• EXERCISE DETAILS
Although the data below contains pictures, output only the lines between those holding "Pokemon - Deck" and "Witching Hour trendy", inclusive, exactly and without those pictures.

• THE DATA
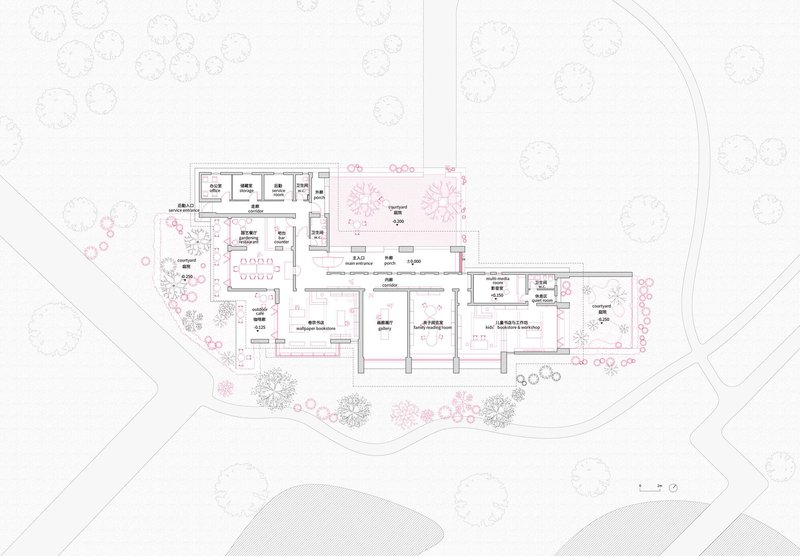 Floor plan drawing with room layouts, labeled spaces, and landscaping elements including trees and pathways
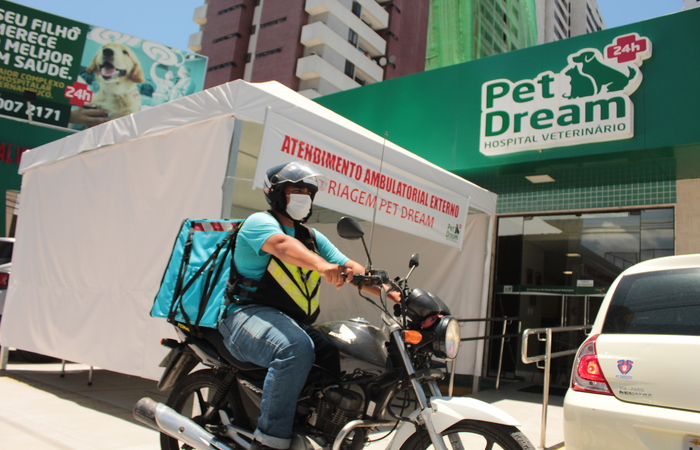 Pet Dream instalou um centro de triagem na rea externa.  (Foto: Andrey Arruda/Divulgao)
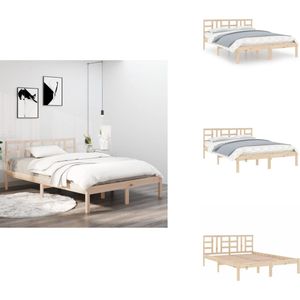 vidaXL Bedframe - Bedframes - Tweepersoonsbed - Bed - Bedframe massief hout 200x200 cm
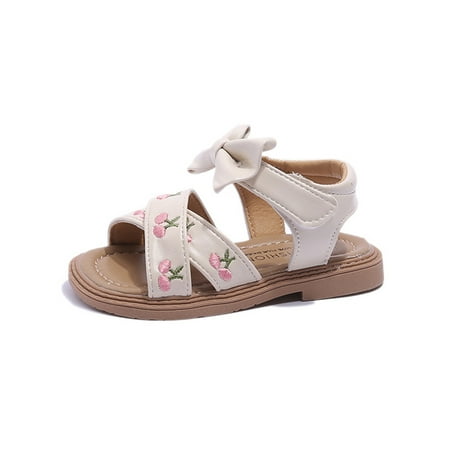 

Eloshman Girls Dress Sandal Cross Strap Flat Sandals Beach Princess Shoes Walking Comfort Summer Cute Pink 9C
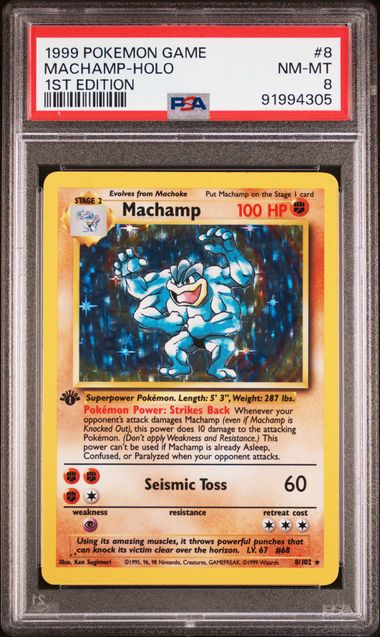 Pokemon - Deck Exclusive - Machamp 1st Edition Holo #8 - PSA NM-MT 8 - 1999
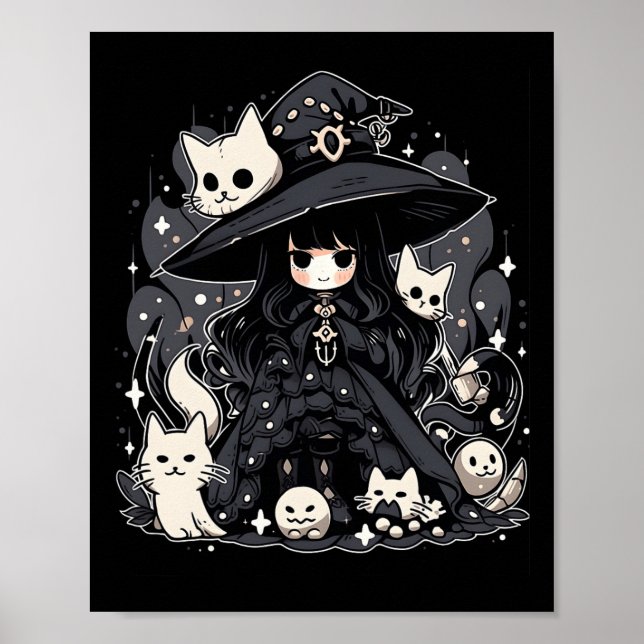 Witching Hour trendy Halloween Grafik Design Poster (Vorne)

...

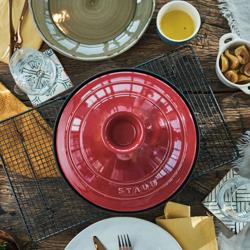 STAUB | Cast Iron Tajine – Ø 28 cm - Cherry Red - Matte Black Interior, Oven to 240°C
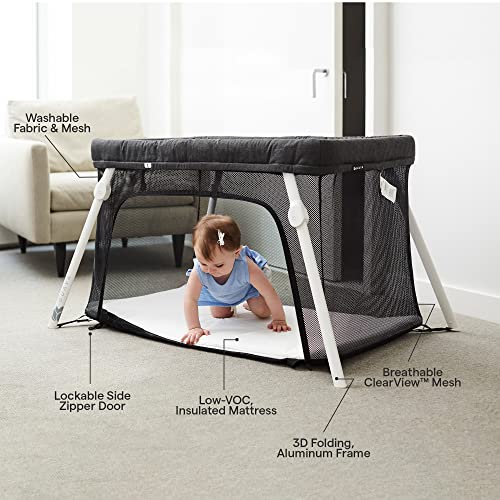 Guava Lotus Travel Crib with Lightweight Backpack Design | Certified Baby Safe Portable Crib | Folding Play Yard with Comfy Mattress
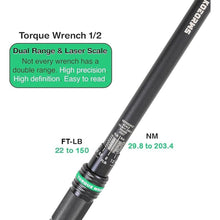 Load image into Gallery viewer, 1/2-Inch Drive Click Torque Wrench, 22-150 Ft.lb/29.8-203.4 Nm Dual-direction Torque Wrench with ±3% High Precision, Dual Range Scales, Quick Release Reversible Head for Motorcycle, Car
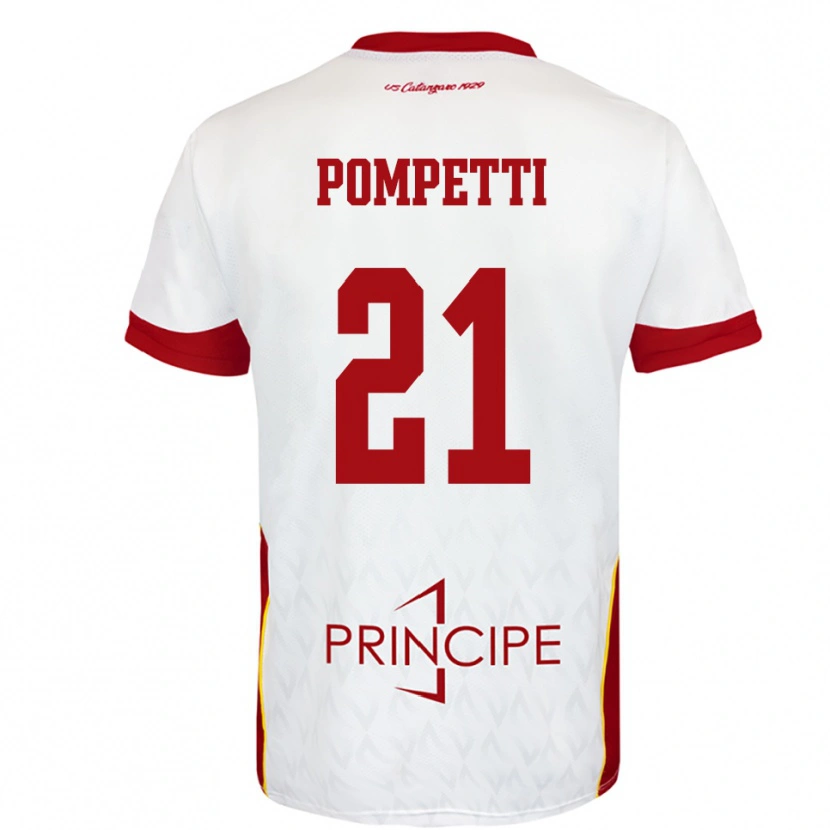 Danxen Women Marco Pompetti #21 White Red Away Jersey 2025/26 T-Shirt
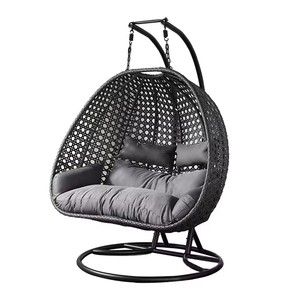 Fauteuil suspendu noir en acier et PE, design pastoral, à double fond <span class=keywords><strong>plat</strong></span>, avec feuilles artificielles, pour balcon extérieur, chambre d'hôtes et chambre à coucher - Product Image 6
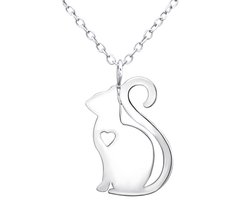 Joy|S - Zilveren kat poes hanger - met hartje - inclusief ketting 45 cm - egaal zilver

• ANSWER FOR THE TASK
 Pokemon - Deck Exclusive - Machamp 1st Edition Holo #8 - PSA NM-MT 8 - 1999
 Witching Hour trendy Halloween Grafik Design Poster (Vorne)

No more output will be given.